Alors que les contours du « service national universel » promis par Emmanuel Macron peinent encore à voir le jour, la création d’un autre genre de service a été annoncé par Frédérique Vidal, ministre de l’Enseignement supérieur et Agnès Buzyn, ministre de la Santé. 

Prévention autour de cinq thèmes prioritaires

A partir de la rentrée 2018, 47 000 étudiants en santé seront tenus de faire un « service sanitaire obligatoire ». Concrètement, ces futurs médecins, sages-femmes, pharmaciens ou infirmiers se déplaceront dans les écoles, maisons de retraite, entreprises et autres milieux de vie pour y tenir des missions de prévention

Ce projet, le premier du genre en Europe selon les deux ministres, est né à partir des recommandations d’un rapport de Loïc Vaillant, dermatologue et professeur des universités. Il s’articule autour de plusieurs axes qu’Agnès Buzyn a qualifiés de « prioritaires », sans être « exclusifs » : l’alimentation, l’activité physique, les addictions (alcool, tabac, drogue…), la vie sexuelle et les moyens de contraception.

Ces thèmes d’interventions ont été notamment déterminés en fonction des statistiques et des « coûts sociaux considérables » que représentent certaines maladies : 15 milliards d’euros pour l’alcool, 26,6 milliards pour le tabac et 20,4 milliards pour l’obésité. Les ministres ont rappelé qu’en 2017, un jeune sur quatre fume quotidiennement, et l’obésité touche 3,5 % des enfants de manière très inégale, car elle est 4,5 fois plus présente chez les enfants d’ouvriers que chez les enfants de cadres. 
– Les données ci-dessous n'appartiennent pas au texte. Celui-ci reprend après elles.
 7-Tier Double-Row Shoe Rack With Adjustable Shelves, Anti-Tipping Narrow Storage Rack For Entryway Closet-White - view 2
Obligatoire et non rémunéré

Dans un premier temps, ces missions de prévention s’intégreront au cursus des étudiants en médecine, maïeutique, pharmacie, kinésithérapie, soins dentaire et infirmiers, soit 47 000 personnes. En 2019, elles seront généralisées aux autres disciplines de santé, portant le total d’étudiant concernés à 50 000 par an. Ce programme, « obligatoire pour l’obtention du diplôme », sera étalé sur trois mois, continus ou non, et n’aura pas d’impact sur la durée des études.

Les étudiants ne seront pas rémunérés pour ce service sanitaire, mais leurs frais de déplacement seront pris en charge par l’Etat. Dès le mois de mars 2018, une expérimentation sera lancée dans les « territoires précurseurs » de Clermont-Ferrand, Dunkerque, Caen et Angers.